Samuel Butler (1613-1680), Characters and Passages from Note-Books
, ed. A.R. Waller (Cambridge: At the University Press, 1908), pp. 136-137 (ellipsis in original):
A Pedant is a dwarf Scholar, that never outgrows the Mode and Fashion of the School, where he should have been taught. He wears his little Learning, unmade-up, puts it on, before it was half finished, without pressing or smoothing. He studies and uses Words with the greatest Respect possible, merely for their own Sakes, like an honest Man, without any Regard of Interest, as they are useful and serviceable to Things, and among those he is kindest to Strangers (like a civil Gentleman) that are far from their own Country and most unknown. He collects old Sayings and Ends of Verses, as Antiquaries do old Coins, and is as glad to produce them upon all Occasions. He has Sentences ready lying by him for all Purposes, though to no one, and talks of Authors as familiarly as his Fellow-Collegiates.

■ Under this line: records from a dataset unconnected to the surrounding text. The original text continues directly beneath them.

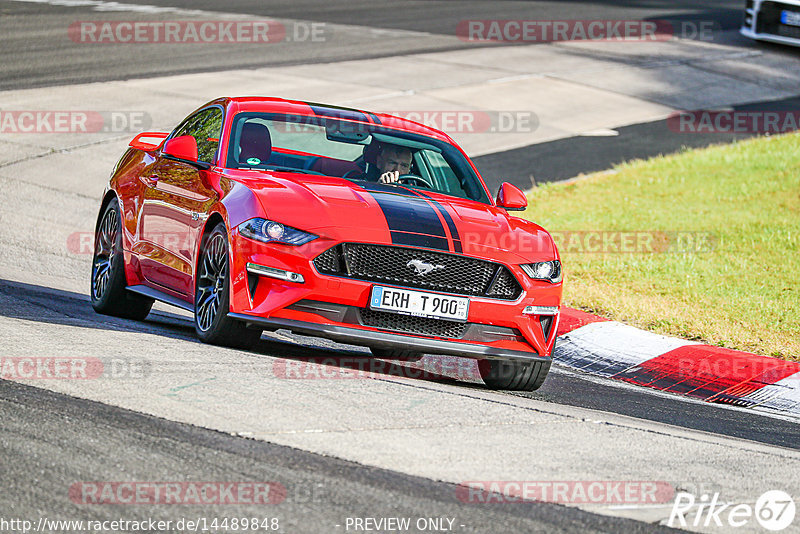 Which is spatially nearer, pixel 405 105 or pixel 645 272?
pixel 645 272

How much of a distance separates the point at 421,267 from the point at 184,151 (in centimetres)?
195

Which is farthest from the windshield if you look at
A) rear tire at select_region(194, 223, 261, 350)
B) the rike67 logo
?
the rike67 logo

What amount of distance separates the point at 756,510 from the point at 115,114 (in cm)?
Answer: 1435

He will challenge Acquaintance with those, he never saw before, and pretend to intimate Knowledge of those, he has only heard of. He is well stored with Terms of Art, but does not know how to use them, like a Country-Fellow, that carries his Gloves in his Hands, not his Hands in his Gloves. He handles Arts and Sciences like those, that can play a little upon an Instrument, but do not know, whether it be in Tune or not. He converses by the Book; and does not talk, but quote. If he can but screw in something, that an ancient Writer said, he believes it to be much better than if he had something of himself to the Purpose. His Brain is not able to concoct what it takes in, and therefore brings things up as they were swallowed, that is, crude and undigested, in whole Sentences, not assimilated Sense, which he rather affects; for his Want of Judgment, like Want of Health, renders his Appetite preposterous. He pumps for affected and far-fet Expressions, and they always prove as far from the Purpose. He admires Canting above Sense. He is worse than one, that is utterly ignorant, as a Cock that sees a little, fights worse than one, that is stark-blind. He speaks in a different Dialect from other Men, and much affects forced Expressions, forgetting that hard Words, as well as evil ones, corrupt good Manners. He can do nothing, like a Conjurer, out of the Circle of his Arts, nor in it without canting and .... If he professes Physic, he gives his Patients sound hard Words for their Money, as cheap as he can afford; for they cost him Money and Study too, before he came by them, and he has Reason to make as much of them as he can.